*Task goal*
Repeat every record below exactly, omitting any pictures.

*Available records*
┌────────
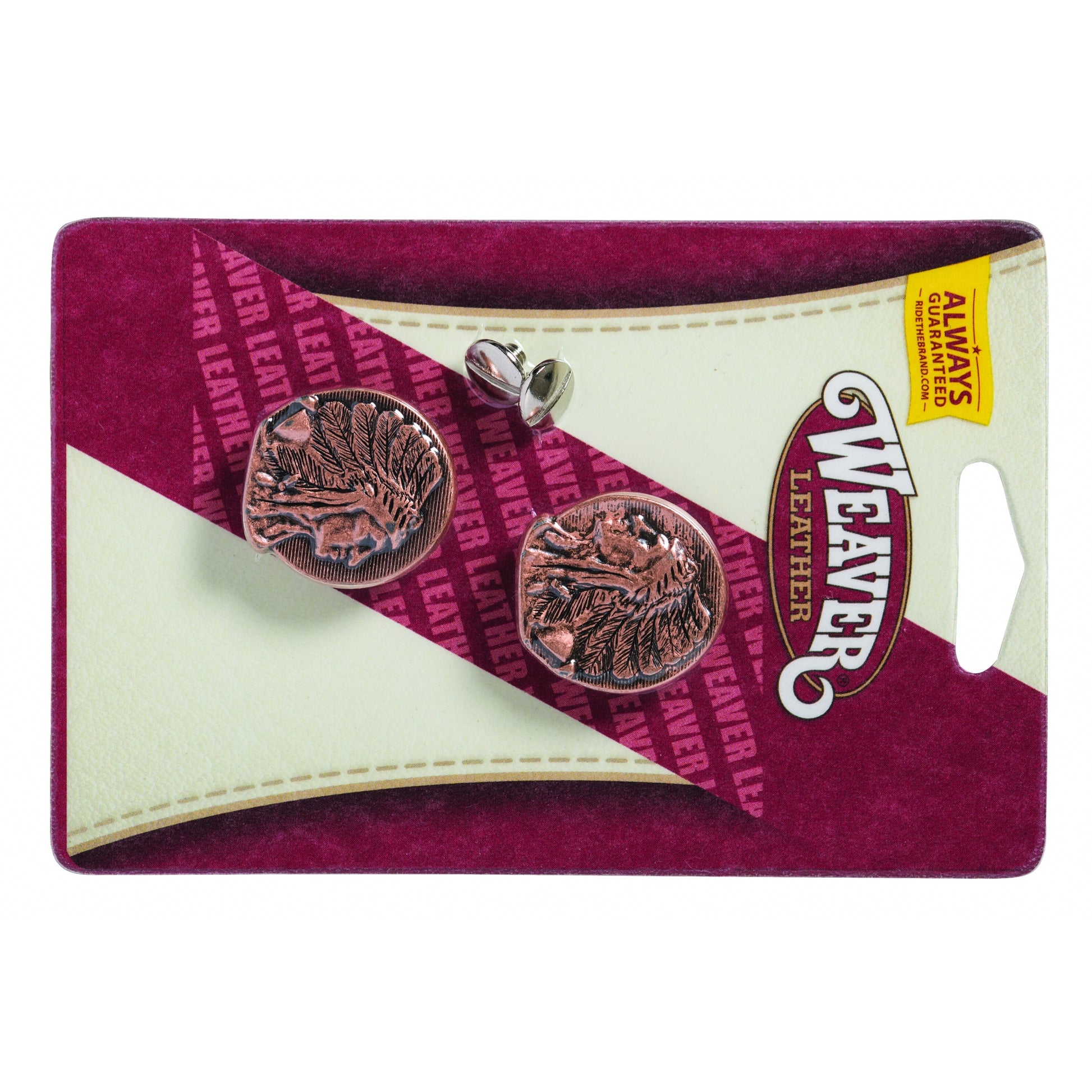 Weaver Left & Right Side - Indian Head Concho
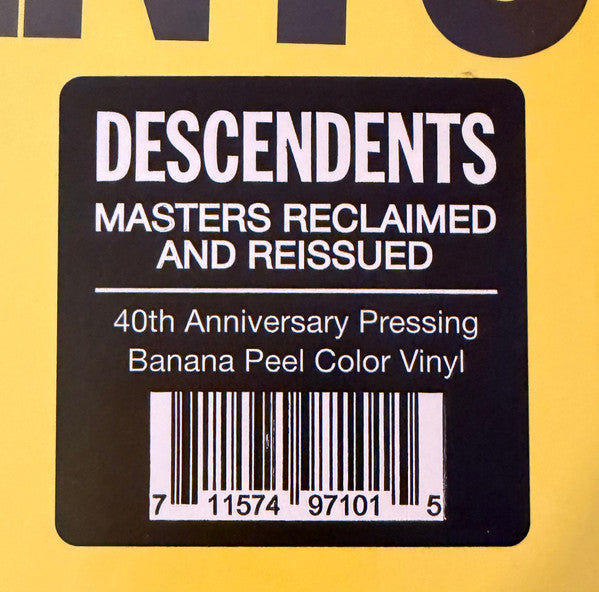 Descendents : I Don't Want To Grow Up (LP, Album, RE, Yel)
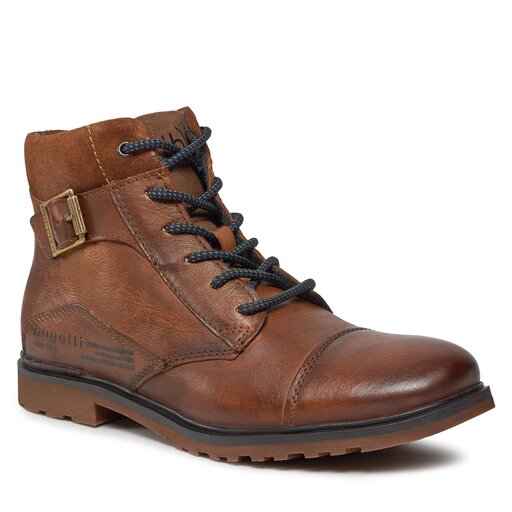 Bottes Classiques Pour Homme Bugatti - Doublure Chaude Type Fausse Fourrure, Semelle TPR, Fermeture à Glissière, Style Décontracté (modèle 321-AU850)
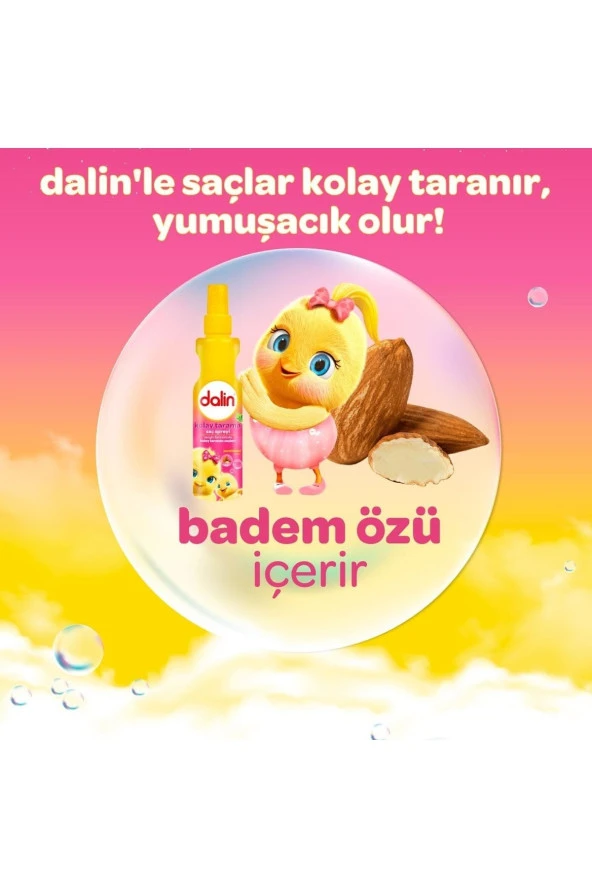 Dalin Kolay Tarama Saç Spreyi Badem Özlü 200 ml 3 Adet - 2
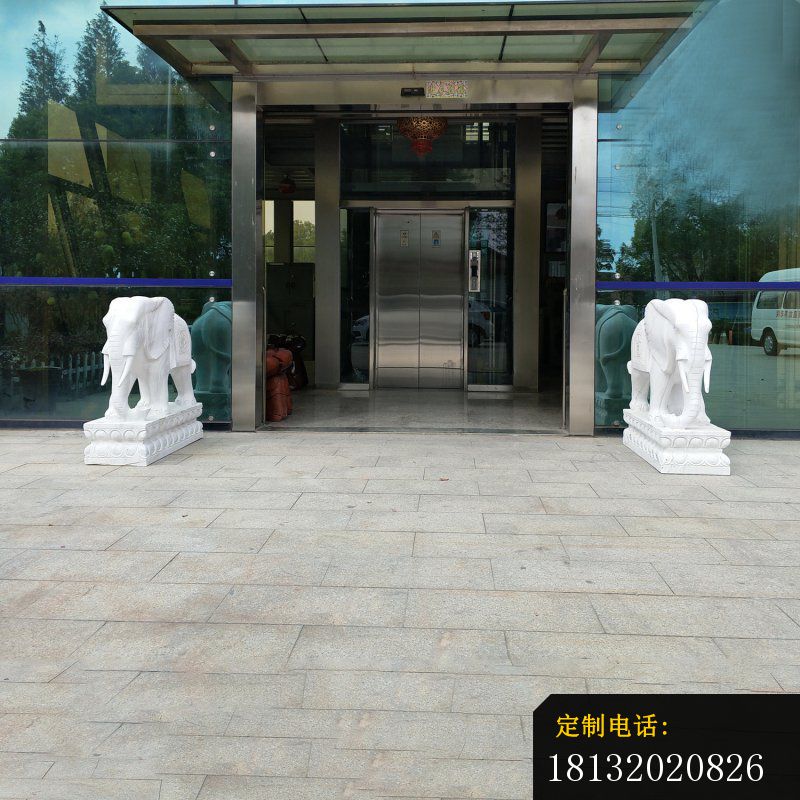 门口大理石大象雕塑 (2)_800*800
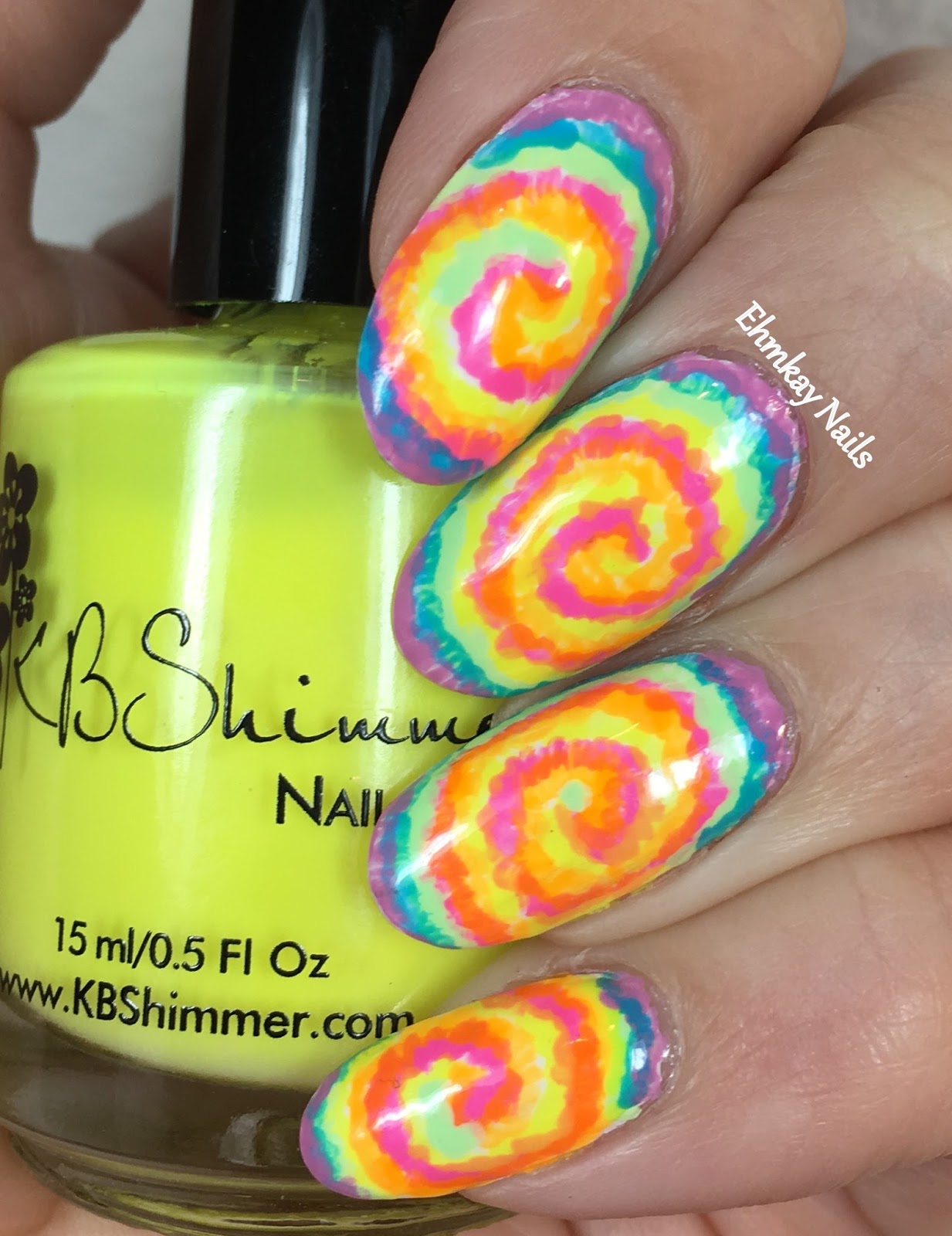 Tie Dye Summer Nails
└────────
*Answer for the task*
 Weaver Left & Right Side - Indian Head Concho
 Descendents : I Don't Want To Grow Up (LP, Album, RE, Yel)
 Bottes Classiques Pour Homme Bugatti - Doublure Chaude Type Fausse Fourrure, Semelle TPR, Fermeture à Glissière, Style Décontracté (modèle 321-AU850)
 Dalin Kolay Tarama Saç Spreyi Badem Özlü 200 ml 3 Adet - 2
 门口大理石大象雕塑 (2)_800*800
 Tie Dye Summer Nails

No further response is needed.